As temperatures drop and we begin to feel a crispness in the air, many of us turn to warm and comforting meals. But watch out! These delicious foods are often high in carbohydrates and low in nutrition—the perfect recipe for unwanted pounds. In this post I will be sharing a fortifying recipe that is warm, delicious, and packed with nutrition!
- 1 large pie or sugar pumpkin
- Coconut oil
- 2 scoops Balance Complete™ (optional)
- 4 tablespoons olive oil
- 1 cup coconut milk
- 4 cups chicken broth
- 1 tablespoon Blue Agave
- 2 small shallots, chopped
- 1 teaspoon (or to taste) cayenne pepper
- 2 drops Black Pepper essential oil
- 2 drops Thyme essential oil
- 2 drops Clove essential oil
- Preheat oven to 400º F.
- Place your whole pumpkin on a baking sheet and lightly coat it with coconut oil. Position the baking sheet on the lowest rack of the oven and bake for 1 hour.
- Once the pumpkin has finished roasting, remove it from the oven and let it stand for 15–20 minutes. After the pumpkin has cooled, hold it securely and cut it in half, horizontally. Use caution, as the pumpkin will be filled with steam and can cause burns. Remove the seeds and set aside to use as a garnish. Scoop the remaining pumpkin meat into a food processor and add 1 cup chicken stock and 2 scoops Balance Complete™; puree until completely smooth.
- Combine shallots and olive oil in a large pot, then sauté over medium heat until the shallots become soft and golden brown.

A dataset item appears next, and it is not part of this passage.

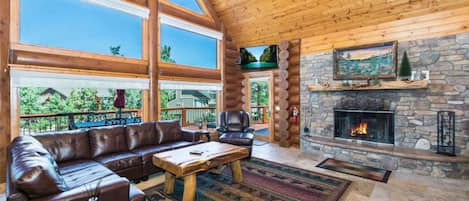 Living room features floor to ceiling windows.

Add the pumpkin puree, remaining chicken stock, coconut milk, water, cayenne, and Blue Agave. Bring the soup to a low simmer and let cook for 15–20 minutes.
- Just before removing the soup from the heat, add a few pinches of salt and the Thyme, Clove, and Black Pepper essential oils. Stir well and enjoy!
My family loved this savory soup with freshly roasted pumpkin seeds on top! After removing the seeds from the pumpkin, we washed, salted, and then baked the seeds at 350° for 8–10 minutes.